Sometimes, SHE was even cruel.
I complained about her to my friends- those who knew her and those who didn’t- and boy oh boy did I feel vindicated in my anger. They told me that I was in the right, that I was the reasonable one, and that I didn’t deserve to be treated in such a way- facts that I was already entirely confident in and couldn’t be shaken from.
I wondered why she was the way she was, what it was she didn’t like about me, what I had ever done to her, and why all of my efforts to rectify the situation and make peace seemed fruitless. Actually, I thought I knew why they were fruitless- it was because she was a thankless bitch who was dead-set on hating me. Poor little me who was just trying to get along.

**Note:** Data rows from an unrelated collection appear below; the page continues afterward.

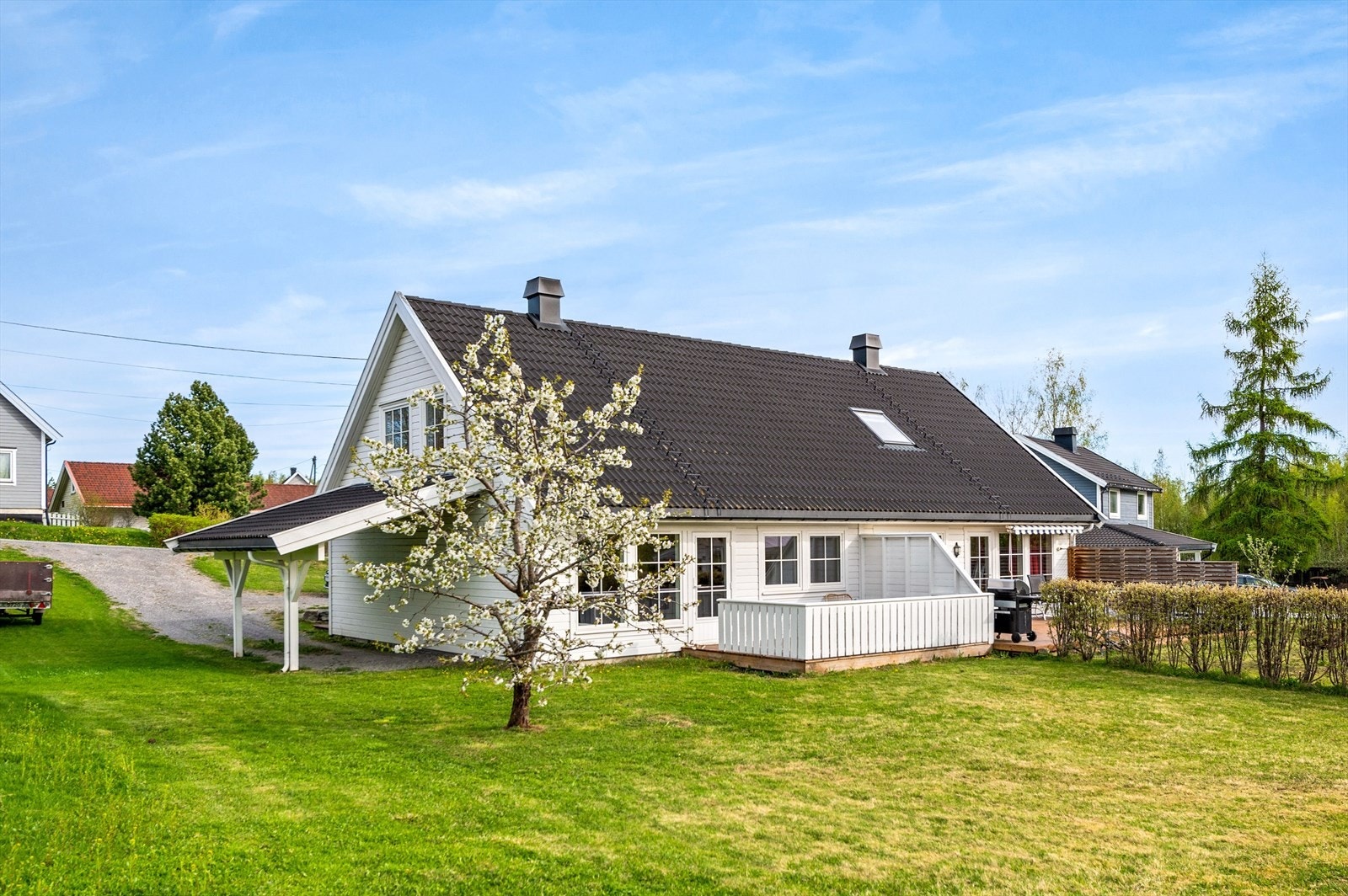 Flat og pent hageareal med hekk mot nabo og noe beplantning. Inntilbygget carport. Galleribilde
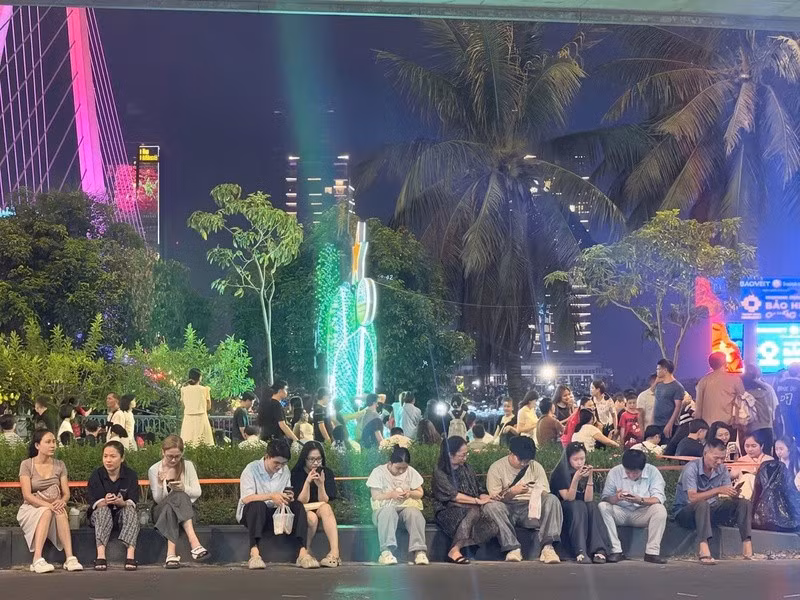 Nhiều bạn trẻ chọn vị trí đẹp tại khu vực bến Bạch Đằng để cùng bạn bè tận hưởng trọn vẹn màn pháo hoa rực rỡ. Ảnh: Minh Anh.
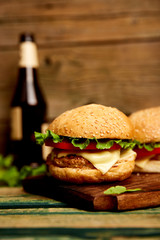 Craft beef burger  on wooden table isolated on black background..Street food, fast food. Homemade juicy burgers with cheese and  on the wooden table. Copy space.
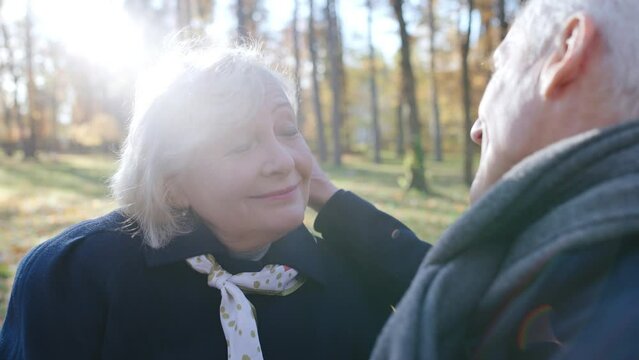 Senior man saying compliments to his beautiful wife sitting on bench in park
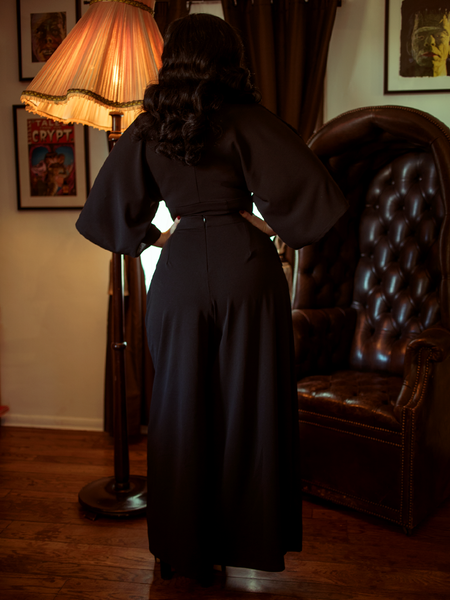 Rachel Sedory showing off the backside of the Black Widow Palazzo Pants in Black from gothic vintage clothing retailer and maker La Femme en Noir.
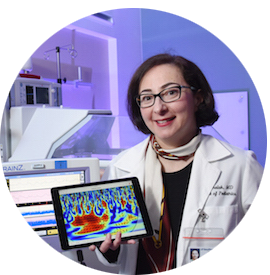 Dr. Chalak holding a tablet and smiling for the camera in the lab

Nearly two years ago I stood in my stand-in closet (because let’s be honest, it wasn’t big enough for actual walking) hanging laundry while listening to the priesthood session of general conference. I hadn’t been to intent on paying close attention to the speakers (it was priesthood, after all), but had it on in the background as I did some chores. I mention my location because the moment I received the following teaching is seared into my brain. It was Dieter F. Uchtdorf giving a talk titled “Lord, is it I?“. These were the words he shared, emphasis mine:
It was our beloved Savior’s final night in mortality, the evening before He would offer Himself a ransom for all mankind. As He broke bread with His disciples, He said something that must have filled their hearts with great alarm and deep sadness. “One of you shall betray me,” He told them.
The disciples didn’t question the truth of what He said. Nor did they look around, point to someone else, and ask, “Is it him?”
Instead, “they were exceeding sorrowful, and began every one of them to say unto him, Lord, is it I?”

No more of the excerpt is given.